Joule of Manchester was the first to verify Mayer's law quantitatively. By an experiment analogous to that of Rumford, he transformed work into heat, arranging his apparatus so that he might measure the amount of heat produced and the work expended. On dividing the quantity of work that had disappeared by the quantity of heat which had been disengaged, he found that 424 kilogramme-metres of work had been expended for each calory of heat produced.

Hirn of Colmar measured the ratio of work to heat in the steam engine. He found that for each calory of heat which had disappeared there were produced 425 kilogramme-metres of work.

This number 425 has therefore been accepted as representing in calories and kilogramme-metres the transformation of work into heat, and of heat into work.

Further measurements on the transformations of other forms of energy, chemical energy and electrical energy, have shown that Joule's law of equivalents is general, and that the quantity of mechanical work represented by any form of energy remains undiminished after transformation, whatever the nature of that transformation.
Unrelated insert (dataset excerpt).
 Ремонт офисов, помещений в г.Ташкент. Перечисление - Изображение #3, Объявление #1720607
Energy presents itself to us under two forms, potential and actual. Potential energy is slumbering energy, energy localized or locked up in the body. In order to transform potential energy into actual energy, there is required the intervention of an additional awakening, stimulating, or exciting energy from without. This stimulating energy may be almost infinitesimal in amount and bears no quantitative relation to the amount of energy transformed. It is the small amount of work required to turn the key which liberates an indeterminate quantity of potential energy.

Actual energy, on the other hand, is energy in movement, awake and alert, ready to be transformed into any other form of energy without the intervention of any such external stimulating force.
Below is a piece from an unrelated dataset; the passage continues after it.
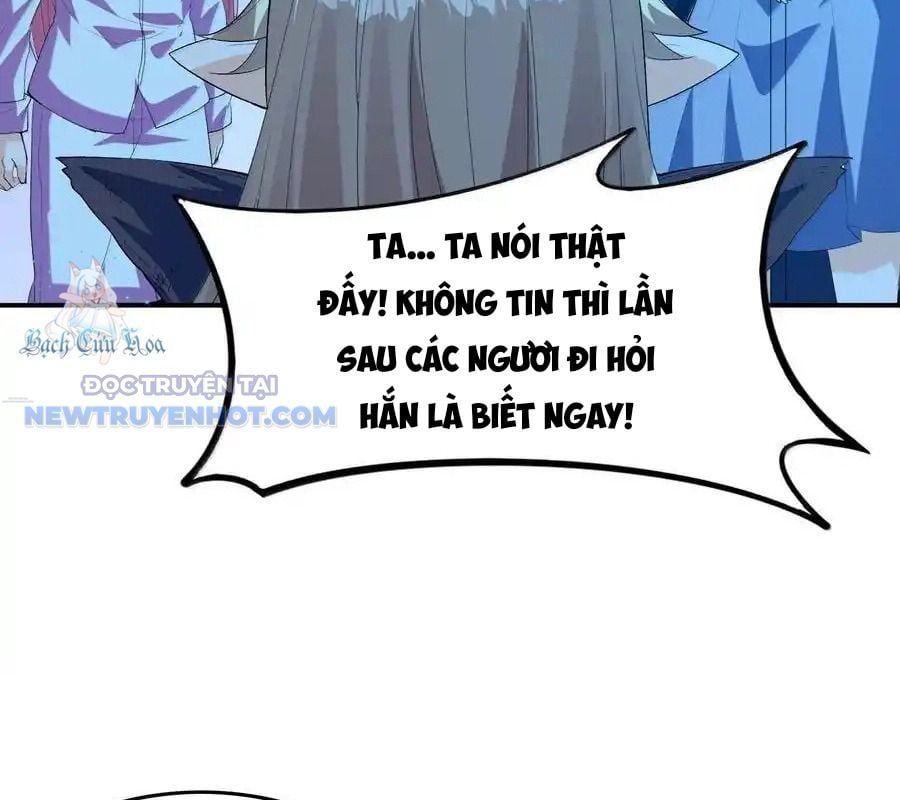 đọc truyện Hậu Cung Của Ta Toàn Là Ma Nữ Phản Diện Chương 159 ảnh 104 tại Thiên Thai Truyện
The passage of a given quantity of energy from the potential into the actual state is effected gradually, and during the time of transformation the sum of the actual and the potential energy remains constant.
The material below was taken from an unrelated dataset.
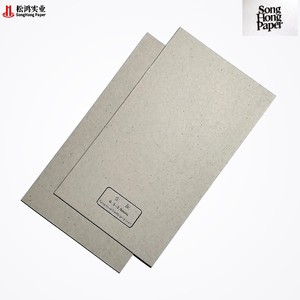 Nhà máy cung cấp tùy chỉnh <span class=keywords><strong>matboard</strong></span> với lõi trắng Uncut và cắt sẵn gắn bảng passepartout cho khung và gắn bảng - Product Image 2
A weight suspended by a cord possesses a quantity of potential energy equal to the product of its weight into the height through which it can fall. This energy is locked up in a certain space, it cannot be transformed without the intervention of some external energy to cut the cord. During the falling of the weight, at the middle of its path, half of this slumbering energy has become kinetic, and is represented by the vis viva of the weight, while the other half is still potential and is equivalent to the work which the weight will accomplish during the second half of its fall. At any moment the sum of these two energies, the sleeping and the waking

energies, represents the total potential energy of the weight before it began to fall.